China’s development model for Africa was difficult for the US to keep up with for a few reasons. For one thing, the US economy has become overwhelmingly service oriented by the turn of the century, so the only companies able to enter the African markets were the ones who could make use of the telecommunications network resulting from China’s infrastructure developments. The fact that a Chinese firm was the final beneficiary of the projects financed by the IMF or the World Bank is a testament to the efficiency of their construction industry. Despite the USA’s clout with those international organizations, their strict rules stipulate that their projects must be chosen by public procurement procedures. China’s ability to present these tenders with companies who were already present on the continent gave them a significant competitive advantage against western companies. In the end China received 42% of all orders.
Another advantage for China is that they didn’t attempt to impose any democratic or other ideological requirements on African governments. They kept the cash and credit flowing even without meeting any human rights criteria. The western model of exporting not just money, but culture as well, just couldn’t compete. China’s brand of economic rationality proved to be popular with countries less inclined towards democratic values. The USA’s chosen method was to directly fund non-governmental organizations to circumvent the local governments and help their populations directly instead. This is the so called the Government-to-Business model that China eschewed in favor of the Government-to-Government model. According to OECD estimates, Beijing has lent $140 billion dollars worth of funding to Africa since 2000. In 2018 China approved an additional $60 billion within the framework of the Forum on China-Africa Cooperation for its participants. Said partners previously only had access to a humble budget of $95 billion. These resources play a critical role in the continent’s economy.
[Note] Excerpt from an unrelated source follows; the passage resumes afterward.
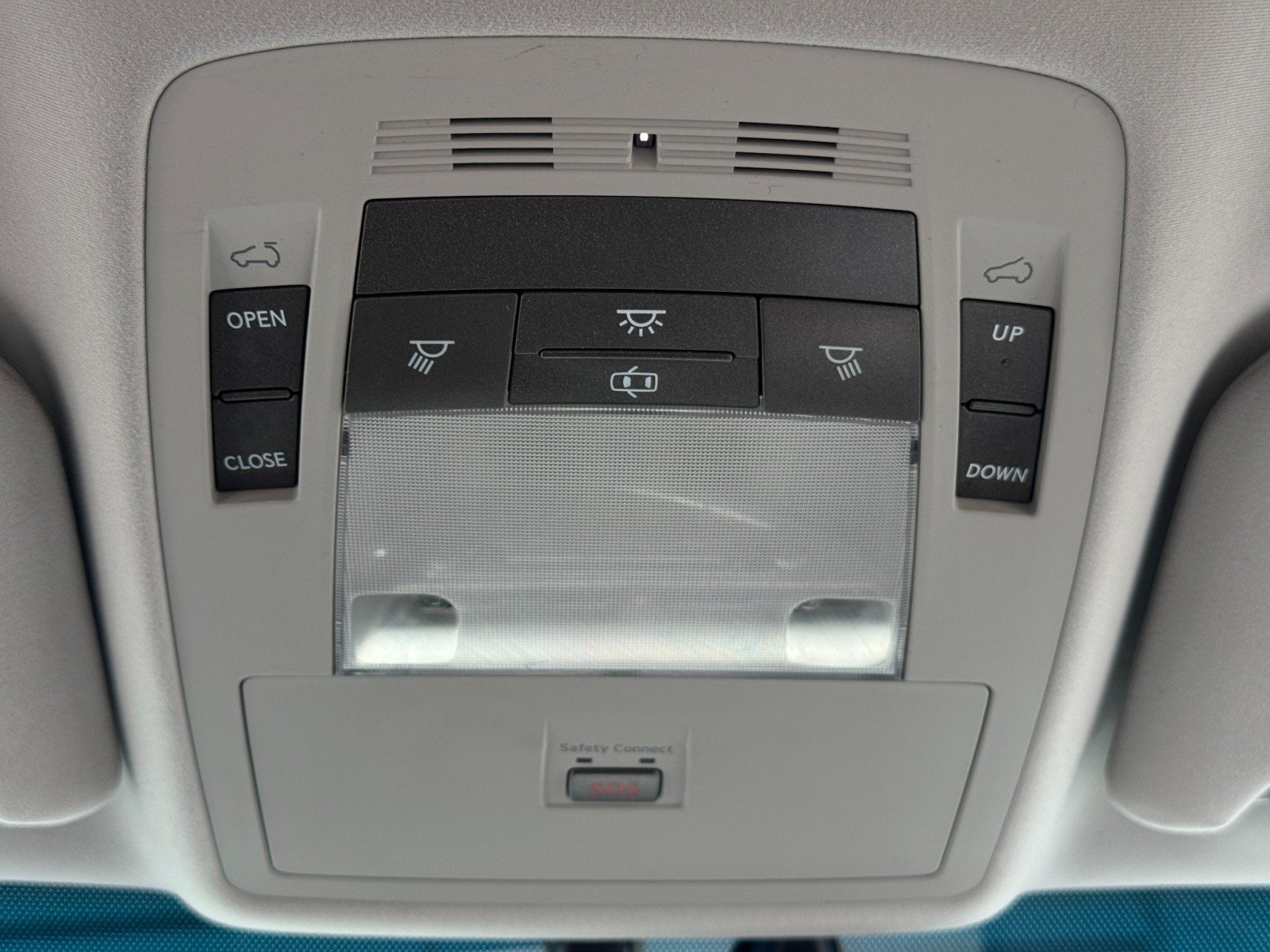 Used 2015 Lexus RX 450h FWD image 36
Huawei and Transsion have a close to monopolistic hold over in the development, maintenance and operation of the telecommunication networks. For trade it’s Tencent and Alibaba who have the same level of influence. The US has fallen behind in the race so it’s their strategic interest to diminish the resources China has to invest. If the outcome of the ongoing China-US trade conflict is that China is forced to focus more of its resources internally, for the US that would be a favorable outcome that strengthens their position. While there are a number of reasons for the two superpowers to resolve the conflict, this particular area is one of the reasons for why they wouldn’t.